異世界ニコニコ料理番~トリップしたのでお弁当屋を開店します~
「あの世界に帰っても、『おかえり』って言ってくれる人はもういないから……。それって、帰っても意味ない気がして……」
お母さんが亡くなってから、世界は途端に色褪せて見えた。
一緒にランチワゴンで働くっていう夢も灰のように消えてなくなって、ぼんやりとした日々を過ごすことが多かったと思う。

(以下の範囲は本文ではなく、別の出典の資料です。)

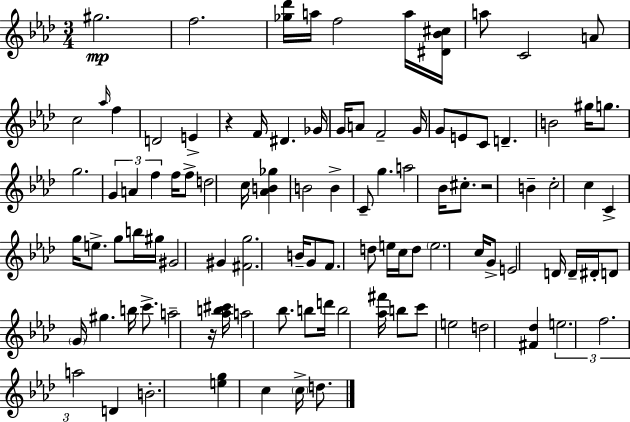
G#5/h. F5/h. [Gb5,Db6]/s A5/s F5/h A5/s [D#4,Bb4,C#5]/s A5/e C4/h A4/e C5/h Ab5/s F5/q D4/h E4/q R/q F4/s D#4/q. Gb4/s G4/s A4/e F4/h G4/s G4/e E4/e C4/e D4/q. B4/h G#5/s G5/e. G5/h. G4/q A4/q F5/q F5/s F5/e D5/h C5/s [Ab4,B4,Gb5]/q B4/h B4/q C4/e G5/q. A5/h Bb4/s C#5/e. R/h B4/q C5/h C5/q C4/q G5/s E5/e. G5/e B5/s G#5/s G#4/h G#4/q [F#4,G5]/h. B4/s G4/e F4/e. D5/e E5/s C5/s D5/e E5/h. C5/s G4/e E4/h D4/s D4/s D#4/s D4/e G4/s G#5/q. B5/s C6/e. A5/h R/s [Ab5,B5,C#6]/s A5/h Bb5/e. B5/e D6/s B5/h [Ab5,F#6]/s B5/e C6/e E5/h D5/h [F#4,Db5]/q E5/h. F5/h. A5/h D4/q B4/h. [E5,G5]/q C5/q C5/s D5/e.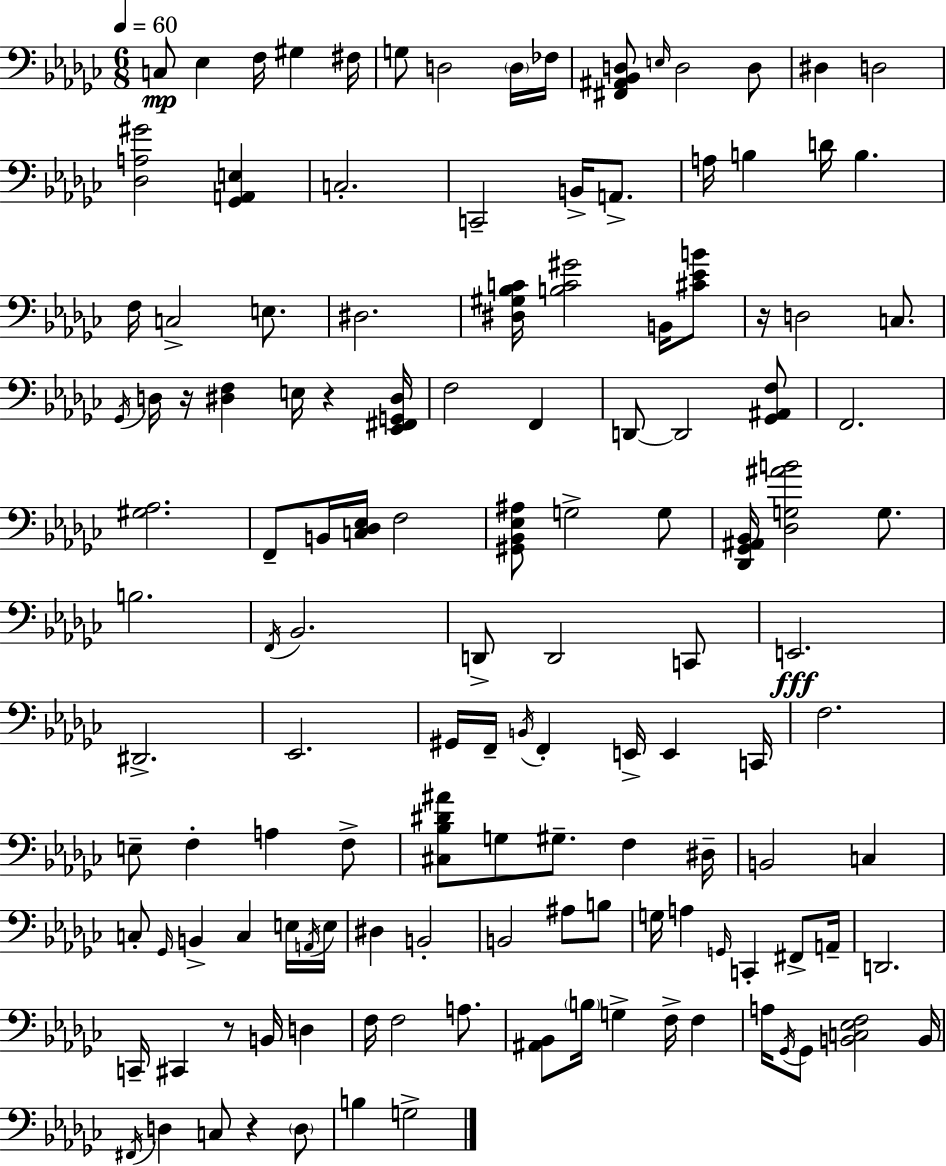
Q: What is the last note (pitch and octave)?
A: G3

「でも……この世界に来てから久しぶりに料理を作って、それも休む暇もなく動いたのはいつぶりだろう」
お葬式までの数日間は自分のためだけに料理をする気にはならなくて、買ってきたもので済ませていた。
ときどき、食べることすら忘れることもあった。
「こうやって、景色を見て綺麗だと思うこともなかったな」
きっとあのまま家にこもっていたら、お母さんがいなくなったという事実から目を逸らすように、悲しいという感情を閉じ込めるように私の心はなにも映さなくなっていただろう。
自分のお弁当をおいしいって言ってもらえる喜び、働ける充実感、綺麗なものをきれいだと思える心。
その全てがこの異世界に来て、少しずつ戻っているのを感じていた。
答えらしい答えを出せないでいた私の頭に、エドガーは手を載せてくる。